Increasing size of BAR0 in Endpoint Mode - Jetson & Embedded Systems / Jetson AGX Xavier - NVIDIA Developer Forums

On Root Port side:PCIe C5 for RP.
Increasing aperture size for mapping non-prefetchable BARs of endpoints from its current 128MB size to 1GB size.
I modified pcie c5 node of device tree.
pcie@141a0000{


}

On end point side:
I modifed the file ‘/drivers/pci/endpoint/functions/pci-epf-nv-test.c’. and change the BAR0_SIZE to BAR0_SIZE SZ_64M , BAR0_SIZE SZ_128M or BAR0_SIZE SZ_512M. and also added other patch according to the link that has been mentioned above.

the modified file:
pci-epf-nv-test.txt (7.3 KB)

After these modifications have been made,the RP Could detect the bar size has increased.
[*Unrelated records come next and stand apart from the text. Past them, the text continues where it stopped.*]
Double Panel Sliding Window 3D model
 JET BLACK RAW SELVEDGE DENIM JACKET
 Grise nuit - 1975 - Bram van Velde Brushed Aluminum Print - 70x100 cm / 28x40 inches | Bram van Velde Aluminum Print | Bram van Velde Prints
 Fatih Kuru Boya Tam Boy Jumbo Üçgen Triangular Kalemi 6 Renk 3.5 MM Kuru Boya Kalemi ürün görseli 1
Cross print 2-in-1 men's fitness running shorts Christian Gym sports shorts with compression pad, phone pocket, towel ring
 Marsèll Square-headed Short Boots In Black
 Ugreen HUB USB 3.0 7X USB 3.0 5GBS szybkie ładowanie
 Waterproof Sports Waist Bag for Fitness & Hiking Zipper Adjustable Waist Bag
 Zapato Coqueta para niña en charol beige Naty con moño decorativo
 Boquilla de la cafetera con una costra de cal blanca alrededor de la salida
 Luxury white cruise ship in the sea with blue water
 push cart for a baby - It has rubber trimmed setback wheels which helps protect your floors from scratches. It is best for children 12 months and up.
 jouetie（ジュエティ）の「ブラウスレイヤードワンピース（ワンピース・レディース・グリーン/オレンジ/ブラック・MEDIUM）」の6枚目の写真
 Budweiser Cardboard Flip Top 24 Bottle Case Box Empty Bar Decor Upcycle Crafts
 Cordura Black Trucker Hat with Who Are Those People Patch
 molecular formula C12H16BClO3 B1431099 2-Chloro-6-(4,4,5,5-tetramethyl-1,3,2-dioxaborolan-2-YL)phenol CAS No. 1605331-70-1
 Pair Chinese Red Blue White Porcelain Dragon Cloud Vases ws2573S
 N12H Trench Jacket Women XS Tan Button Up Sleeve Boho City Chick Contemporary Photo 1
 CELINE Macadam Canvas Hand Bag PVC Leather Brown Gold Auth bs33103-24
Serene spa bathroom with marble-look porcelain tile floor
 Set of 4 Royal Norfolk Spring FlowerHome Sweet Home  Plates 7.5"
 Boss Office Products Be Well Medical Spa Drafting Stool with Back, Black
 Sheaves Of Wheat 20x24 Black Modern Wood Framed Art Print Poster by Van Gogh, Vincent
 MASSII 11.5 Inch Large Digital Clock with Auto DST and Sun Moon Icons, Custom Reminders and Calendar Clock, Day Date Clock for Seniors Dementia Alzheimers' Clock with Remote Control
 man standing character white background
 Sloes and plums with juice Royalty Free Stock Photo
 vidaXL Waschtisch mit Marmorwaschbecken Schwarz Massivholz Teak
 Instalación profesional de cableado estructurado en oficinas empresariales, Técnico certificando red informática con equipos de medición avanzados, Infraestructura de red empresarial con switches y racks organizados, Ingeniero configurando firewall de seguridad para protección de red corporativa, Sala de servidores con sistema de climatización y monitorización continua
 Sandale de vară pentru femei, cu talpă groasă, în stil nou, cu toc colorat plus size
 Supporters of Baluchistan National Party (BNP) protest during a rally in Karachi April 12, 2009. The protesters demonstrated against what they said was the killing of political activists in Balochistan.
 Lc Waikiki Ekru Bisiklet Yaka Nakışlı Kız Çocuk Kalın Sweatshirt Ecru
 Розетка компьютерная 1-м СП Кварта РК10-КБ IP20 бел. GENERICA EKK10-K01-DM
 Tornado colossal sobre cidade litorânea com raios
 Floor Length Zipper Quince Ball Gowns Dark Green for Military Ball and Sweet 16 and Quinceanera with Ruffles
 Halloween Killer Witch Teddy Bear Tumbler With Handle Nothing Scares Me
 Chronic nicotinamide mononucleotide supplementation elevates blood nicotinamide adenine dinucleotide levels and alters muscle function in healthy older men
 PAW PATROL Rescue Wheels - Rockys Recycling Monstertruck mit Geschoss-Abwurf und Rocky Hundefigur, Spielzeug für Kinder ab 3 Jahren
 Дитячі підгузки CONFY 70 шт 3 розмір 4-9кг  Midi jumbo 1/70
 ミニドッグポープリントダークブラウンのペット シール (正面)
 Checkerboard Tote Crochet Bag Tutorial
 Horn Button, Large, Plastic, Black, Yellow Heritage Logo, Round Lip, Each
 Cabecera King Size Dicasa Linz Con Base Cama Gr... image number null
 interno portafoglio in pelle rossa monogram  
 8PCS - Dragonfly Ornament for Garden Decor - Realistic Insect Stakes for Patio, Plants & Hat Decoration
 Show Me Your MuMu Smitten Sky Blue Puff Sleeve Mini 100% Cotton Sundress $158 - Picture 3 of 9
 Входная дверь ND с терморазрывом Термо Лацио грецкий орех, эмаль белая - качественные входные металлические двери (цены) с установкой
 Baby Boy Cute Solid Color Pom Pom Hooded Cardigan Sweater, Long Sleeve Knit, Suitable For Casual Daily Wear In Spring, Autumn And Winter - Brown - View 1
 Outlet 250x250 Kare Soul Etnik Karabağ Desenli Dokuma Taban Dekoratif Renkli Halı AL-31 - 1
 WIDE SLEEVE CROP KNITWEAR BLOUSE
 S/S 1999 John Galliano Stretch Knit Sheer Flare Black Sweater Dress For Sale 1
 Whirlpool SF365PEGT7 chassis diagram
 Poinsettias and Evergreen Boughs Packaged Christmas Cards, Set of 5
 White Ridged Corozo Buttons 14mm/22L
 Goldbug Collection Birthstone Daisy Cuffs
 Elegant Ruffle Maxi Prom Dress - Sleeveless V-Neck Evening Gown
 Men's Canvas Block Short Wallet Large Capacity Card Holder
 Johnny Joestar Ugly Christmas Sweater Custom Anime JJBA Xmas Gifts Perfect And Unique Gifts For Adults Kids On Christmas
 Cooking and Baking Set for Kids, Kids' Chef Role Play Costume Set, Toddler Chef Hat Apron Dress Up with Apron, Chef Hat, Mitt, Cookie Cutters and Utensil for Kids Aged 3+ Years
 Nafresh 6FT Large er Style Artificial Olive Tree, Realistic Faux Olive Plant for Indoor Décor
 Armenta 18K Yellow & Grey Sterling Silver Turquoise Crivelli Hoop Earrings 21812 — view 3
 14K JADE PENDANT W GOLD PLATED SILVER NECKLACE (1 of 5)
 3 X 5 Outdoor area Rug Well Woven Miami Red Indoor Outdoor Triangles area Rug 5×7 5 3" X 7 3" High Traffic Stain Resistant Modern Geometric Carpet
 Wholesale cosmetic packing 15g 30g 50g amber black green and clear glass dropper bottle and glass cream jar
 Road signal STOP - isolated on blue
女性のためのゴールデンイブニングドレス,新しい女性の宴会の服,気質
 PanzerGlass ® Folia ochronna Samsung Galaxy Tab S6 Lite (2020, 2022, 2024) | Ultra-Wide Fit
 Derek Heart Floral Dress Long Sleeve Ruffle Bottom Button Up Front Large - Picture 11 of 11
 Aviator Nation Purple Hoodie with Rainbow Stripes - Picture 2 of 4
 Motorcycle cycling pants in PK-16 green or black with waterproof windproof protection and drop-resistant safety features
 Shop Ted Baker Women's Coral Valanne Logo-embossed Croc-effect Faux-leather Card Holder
But on the RP , it could not read the ram memory. My final goal is to increase BAR0 size more than 512M .

Test flows :

  1. on ep:
    cd /sys/kernel/config/pci_ep/;
    mkdir functions/pci_epf_nv_test/func1;
    echo 0x10de > functions/pci_epf_nv_test/func1/vendorid;
    echo 0x0001 > functions/pci_epf_nv_test/func1/deviceid;
    ln -s functions/pci_epf_nv_test/func1 controllers/141a0000.pcie_ep/;
    echo 1 > controllers/141a0000.pcie_ep/start;

dmesg :

  1. on RP:
    lspci -v
    setpci -s 0005:01:00.0 COMMAND=0x02
    busybox devmem + addr

By the way ,there is another test that can work well. If I don’t change the RP ,that means , if I don’t aperture size for mapping non-prefetchable BARs and keep its current 128MB. On the RP , It can read the ram memory.

In the end, I found no matterwhich bar0 size of endpoint is, including BAR0_SIZE SZ_64M , BAR0_SIZE SZ_128M or BAR0_SIZE SZ_512M. Once I modified the aperture size for mapping non-prefetchable BARs of endpoints from 128M to 1024M on RP, The RP could not read ram memory.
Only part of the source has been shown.